__What the task requires__: Every entry below should be reproduced exactly, with all pictures left out.

__Data shown__:
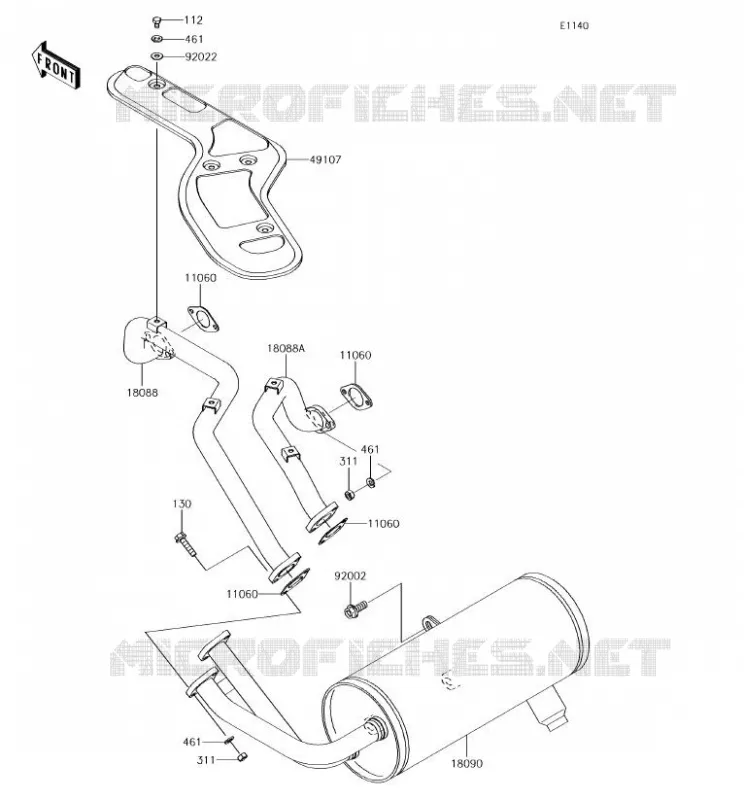 &Eacute;CHAPPEMENT Kawasaki SSV 620 2018 MULE 4010 4X4  KAF620MJF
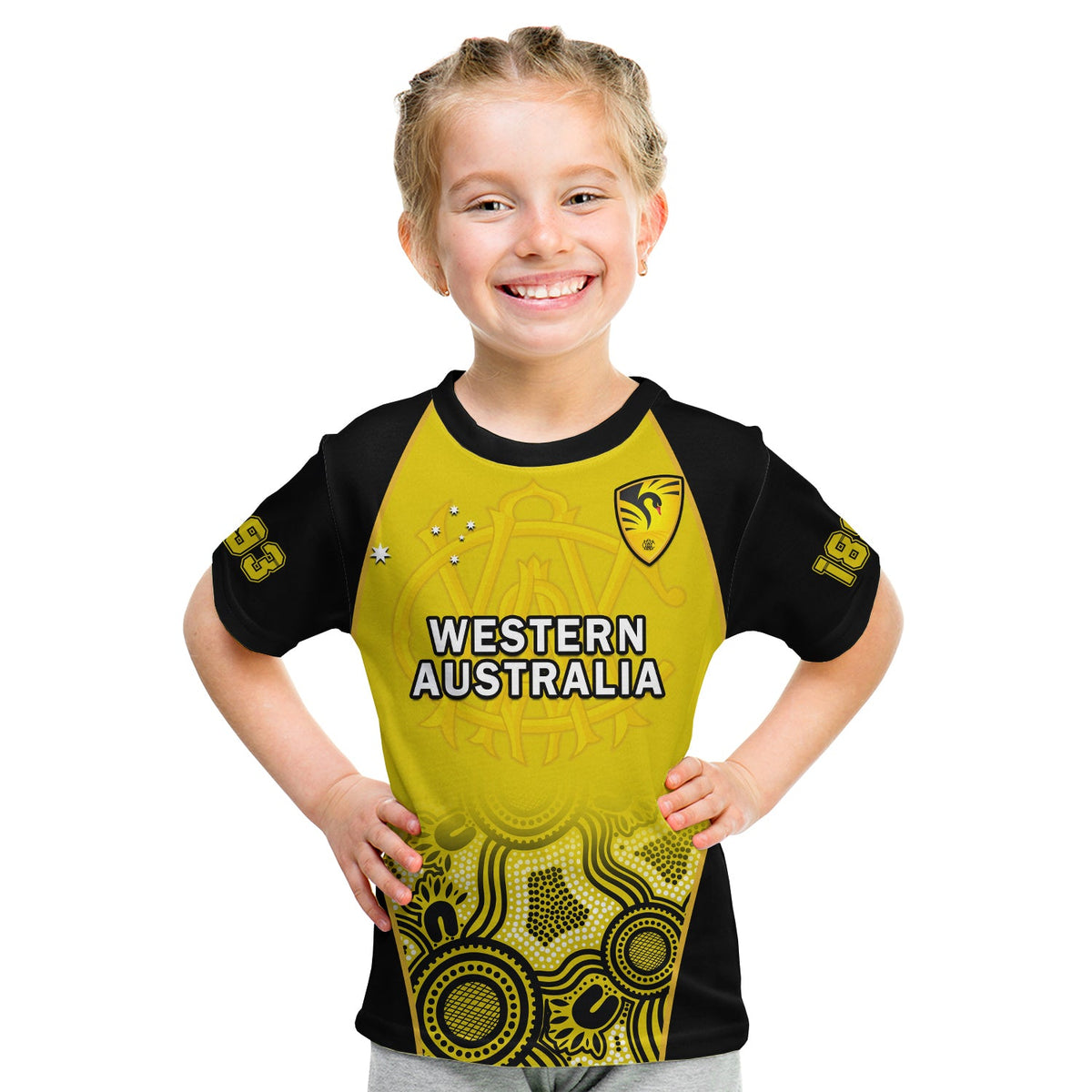 custom-text-and-number-western-australia-cricket-2023-t-shirt-kid-warriors-sheffield-shield-indigenous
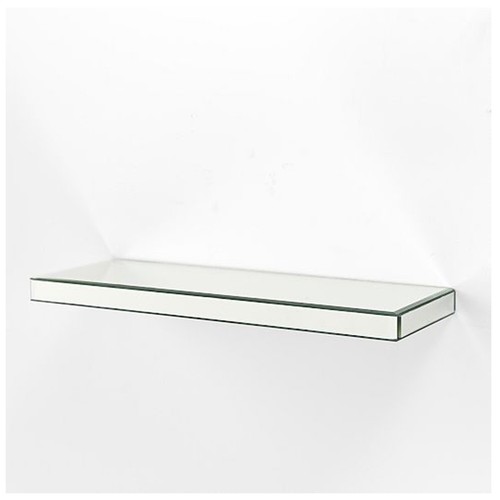 Silver mirrored glass shelves - silver,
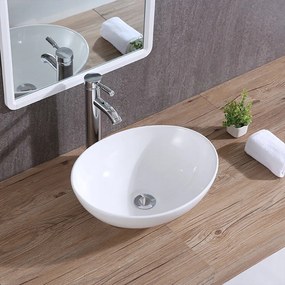 Umywalka ceramiczna Rebiko – 420 x 340 x 150 mm, biała, minimalistyczny, nowoczesny design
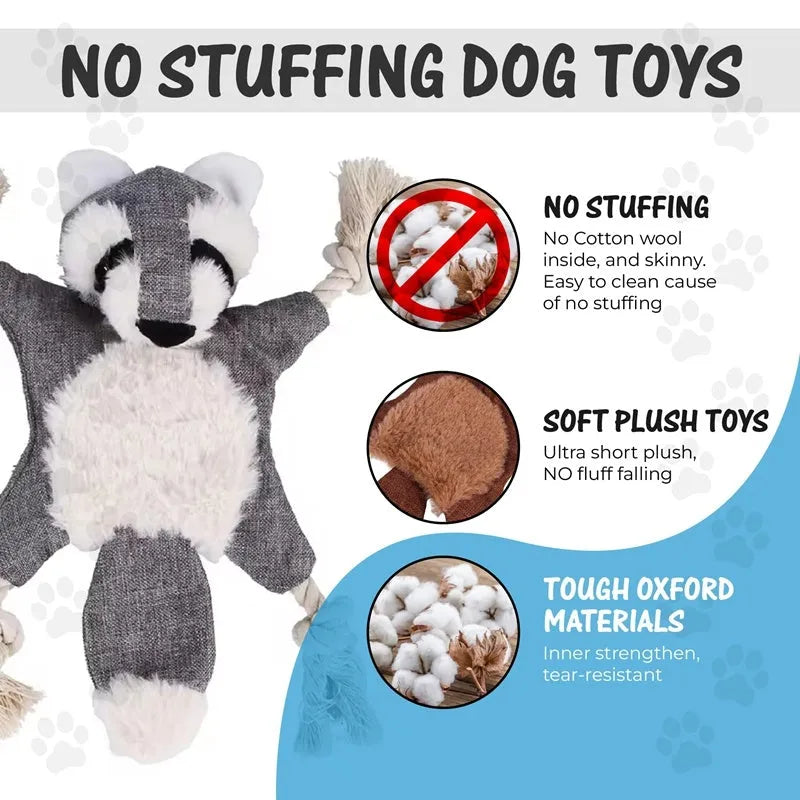 Plush squeaky dog toy set with fox, squirrel, monkey, and other animal shapes on a light background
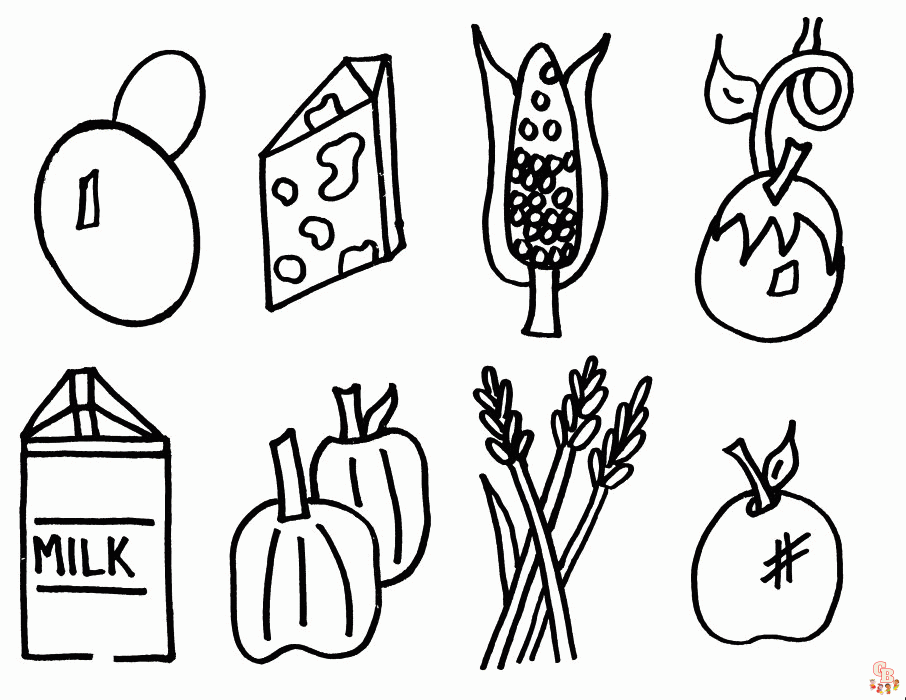 Dibujos de Alimentos Saludables para Colorear Gratis, Imprimibles y Fáciles Dibujos de Alimentos Saludables para Colorear Gratis, Imprimibles y Fáciles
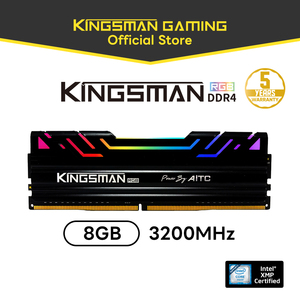 Memoria RAM KINGSMAN GAMING de 8GB DDR4 RGB Negra de 3200MHz para Juegos de Escritorio, en Stock, Garantía de 5 Años - Product Image 2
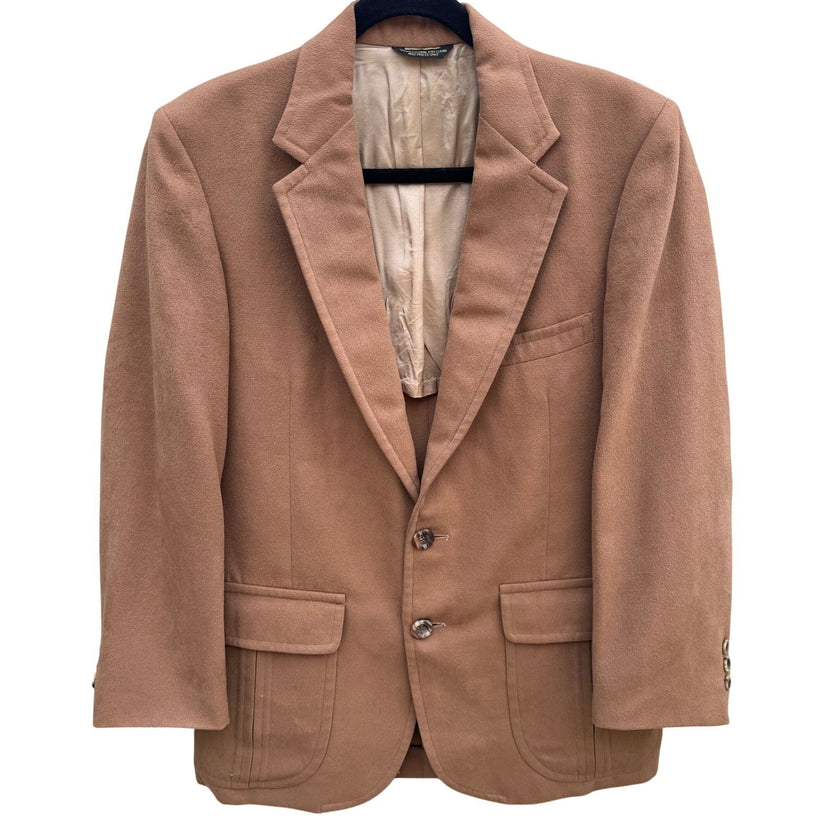 Vintage Camel Hair Blazer Mens Tan Two Button Sport Coat Flap Patch Pockets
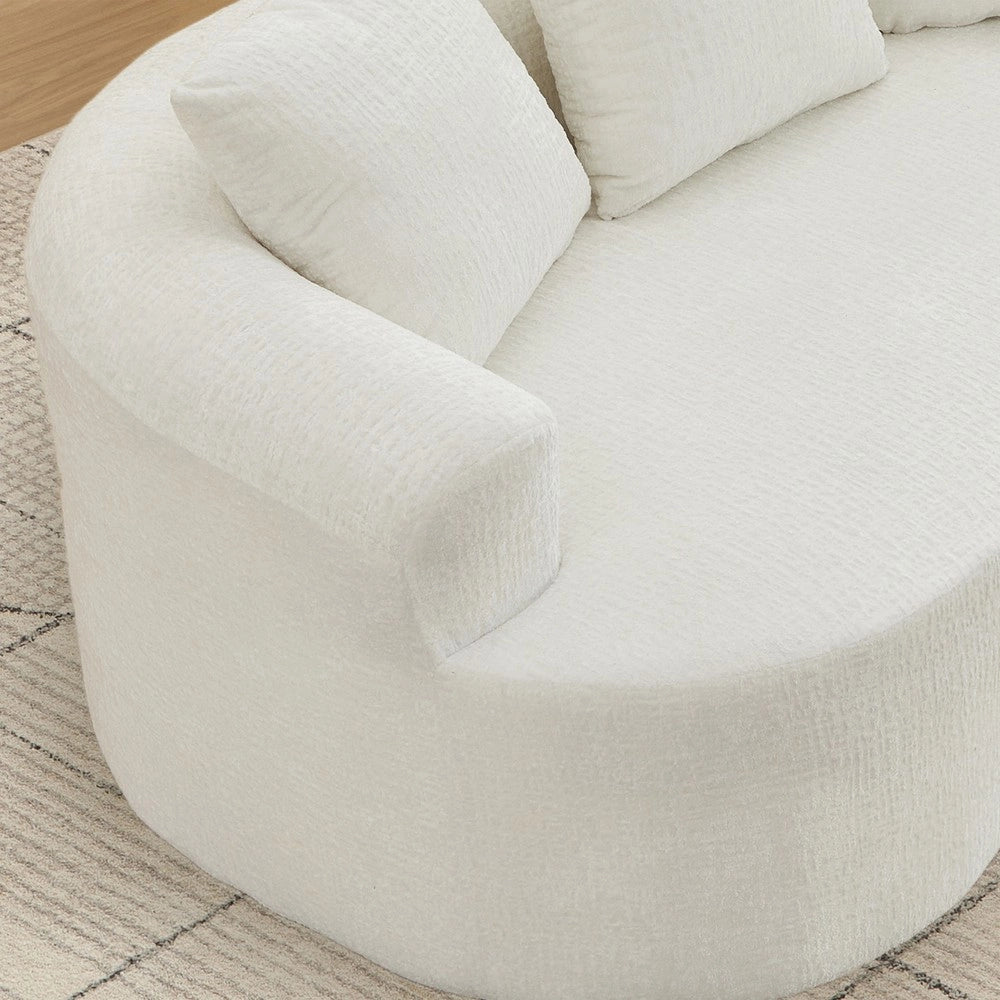 Divano 2 Posti Curvo con Cuscini in Chenille ¨C Xylo ¨C Grigio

__Your solution__:
 &Eacute;CHAPPEMENT Kawasaki SSV 620 2018 MULE 4010 4X4  KAF620MJF
 custom-text-and-number-western-australia-cricket-2023-t-shirt-kid-warriors-sheffield-shield-indigenous
 Silver mirrored glass shelves - silver,
 Umywalka ceramiczna Rebiko – 420 x 340 x 150 mm, biała, minimalistyczny, nowoczesny design
 Plush squeaky dog toy set with fox, squirrel, monkey, and other animal shapes on a light background
 Dibujos de Alimentos Saludables para Colorear Gratis, Imprimibles y Fáciles Dibujos de Alimentos Saludables para Colorear Gratis, Imprimibles y Fáciles
 Memoria RAM KINGSMAN GAMING de 8GB DDR4 RGB Negra de 3200MHz para Juegos de Escritorio, en Stock, Garantía de 5 Años - Product Image 2
 Vintage Camel Hair Blazer Mens Tan Two Button Sport Coat Flap Patch Pockets
 Divano 2 Posti Curvo con Cuscini in Chenille ¨C Xylo ¨C Grigio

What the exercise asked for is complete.